Another release in Concord’s series of albums paying tribute to the Monterey Jazz Festival (previously: Cal Tjader) is one that fits me like a bespoke suit, because it features one of my favorites — Dave Brubeck. 50 Years Of Dave Brubeck – Live At The Monterey Jazz Festival (1958-2007) is exactly what you’d infer from the title, a celebration of Brubeck’s many appearances through the years. It doesn’t get much better than that.
Brubeck is in his eighties now and still performing, and his appearance at the 2007 festival wowed the crowds just as much as the one he made with the original quartet at the 1958 festival.

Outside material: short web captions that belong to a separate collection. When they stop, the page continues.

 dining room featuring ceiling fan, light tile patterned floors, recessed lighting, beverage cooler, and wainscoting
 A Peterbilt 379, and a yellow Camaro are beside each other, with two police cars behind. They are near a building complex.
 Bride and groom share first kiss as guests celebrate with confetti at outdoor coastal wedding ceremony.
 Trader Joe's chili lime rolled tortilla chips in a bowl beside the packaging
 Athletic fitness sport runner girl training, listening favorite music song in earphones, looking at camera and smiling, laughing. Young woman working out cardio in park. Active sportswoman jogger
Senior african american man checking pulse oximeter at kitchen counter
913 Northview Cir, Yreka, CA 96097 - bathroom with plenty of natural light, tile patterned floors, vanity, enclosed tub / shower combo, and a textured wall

In fact, you could probably make a good case for Brubeck being the heart and soul of the whole thing, because not only has he made numerous appearances through the years, but he was in at the beginning — before it even existed.

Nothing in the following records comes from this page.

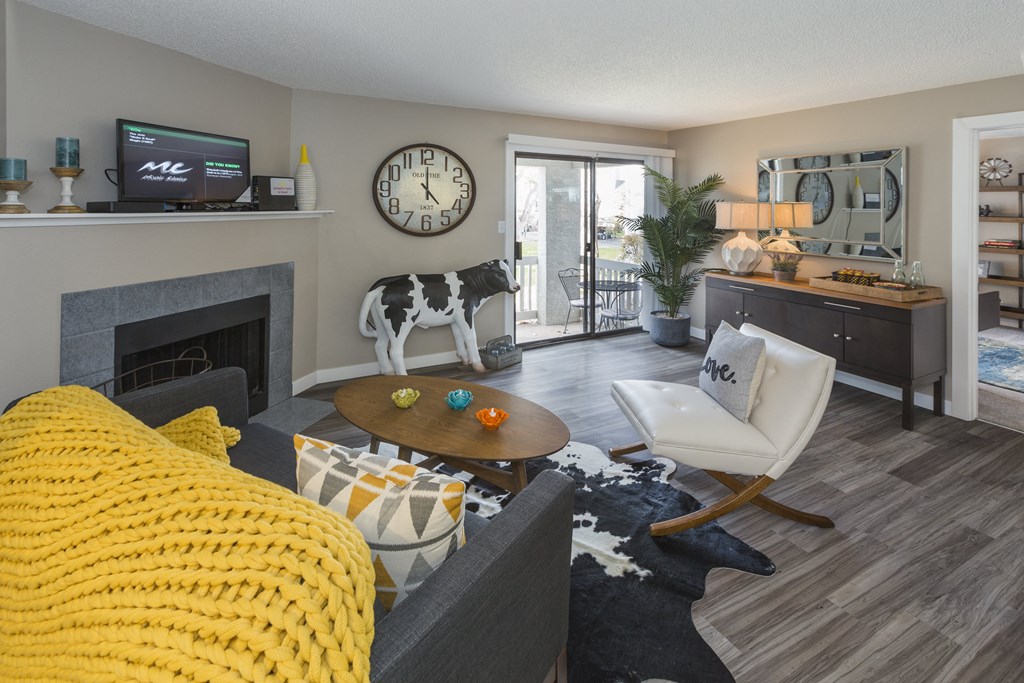 a living room with a fireplace and a cow clock on the wall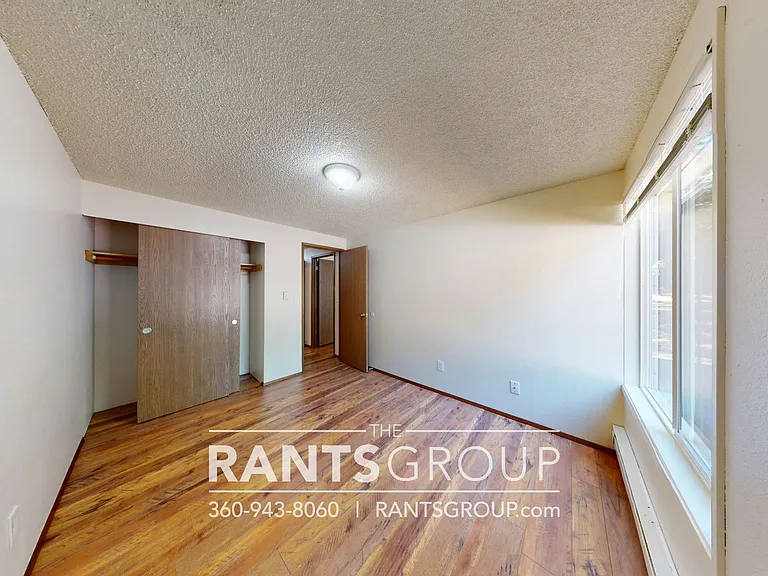 Lovely, wooded 2-bedroom apartment with a large private deck and in-unit washer & dryer! — Photo 44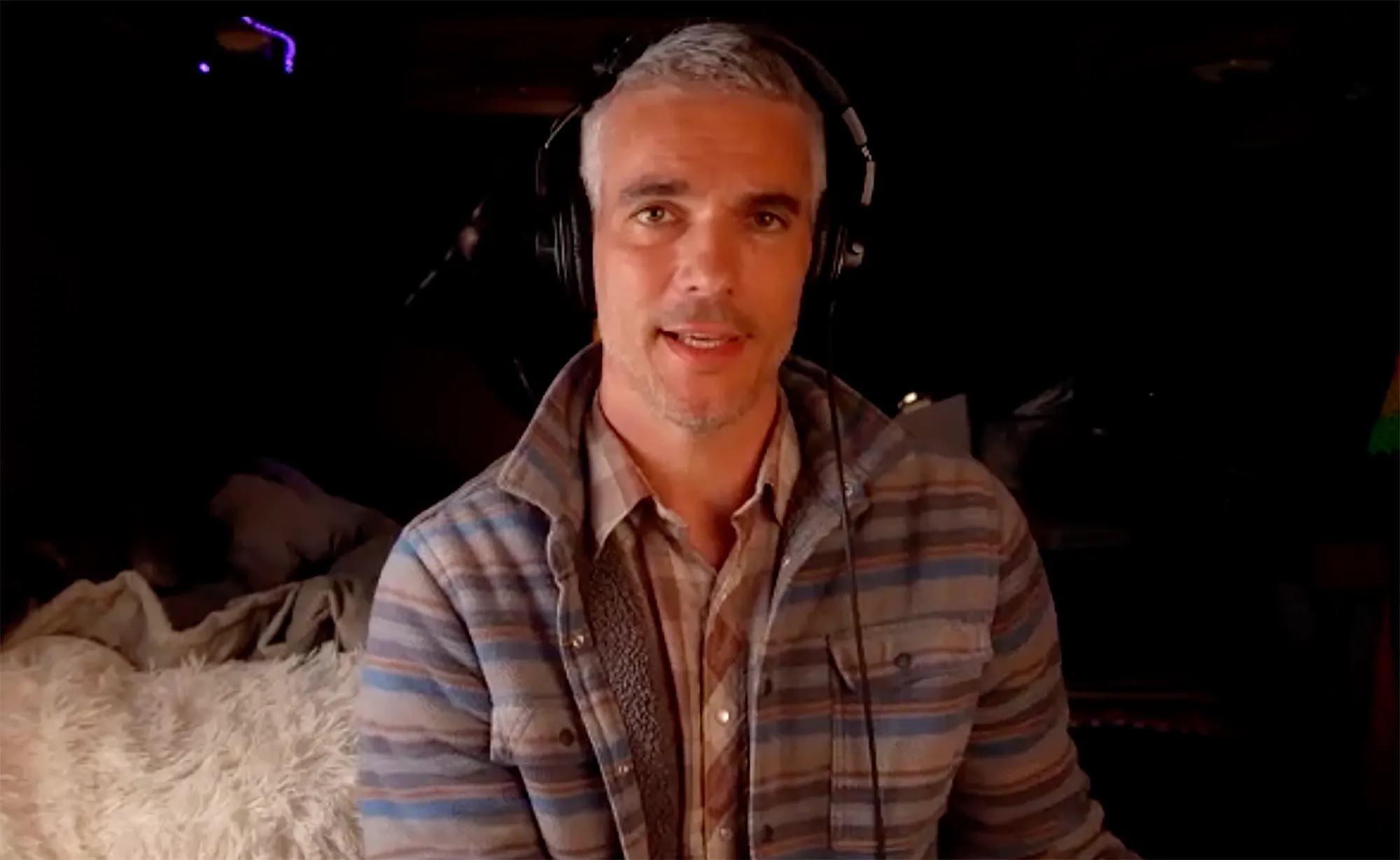 Josh Kloss wearing headphones and a striped shirt.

Brubeck and his legendary quartet – which included alto saxophonist Paul Desmond, drummer Joe Morello, and bassist Eugene Wright – was the group chosen by the festival’s founder, Jimmy Lyons, to perform for local bigwigs and educate them about jazz. It worked out pretty well for everybody.
That edition of the Brubeck quartet is heard here on the first three tracks, which includes some familiar pieces. Among them is a 1962 performance of “Someday My Prince Will Come,” the quartet’s innovative jazz interpretation of the theme from Snow White, and from 1966, “Take Five,” a song that had a few years earlier become a mainstream hit and brought millions of new fans to jazz. It’s fascinating to hear and compare the improvisational play here with the familiar original.
In subsequent years, Brubeck appeared at the festival with later groups he’d formed. One of those included Gerry Mulligan on baritone sax, along with Jack Six on bass and Alan Dawson on drums, and included here are a couple of pieces from that group’s 1971 appearance. I especially liked Mulligan’s composition, “
Jumping Bean,” which features Latin accents and outstanding solos.
Later Brubeck appearances at the festival included one in 1985, when his son Chris joined in with some skillful play on the bass, and a poignant one in 1998 when Brubeck performed “Goodbye, Old Friend,” a song he’d written as a tribute to Mulligan, who had died in 1996. Just one of the many special moments on this album — highly recommended.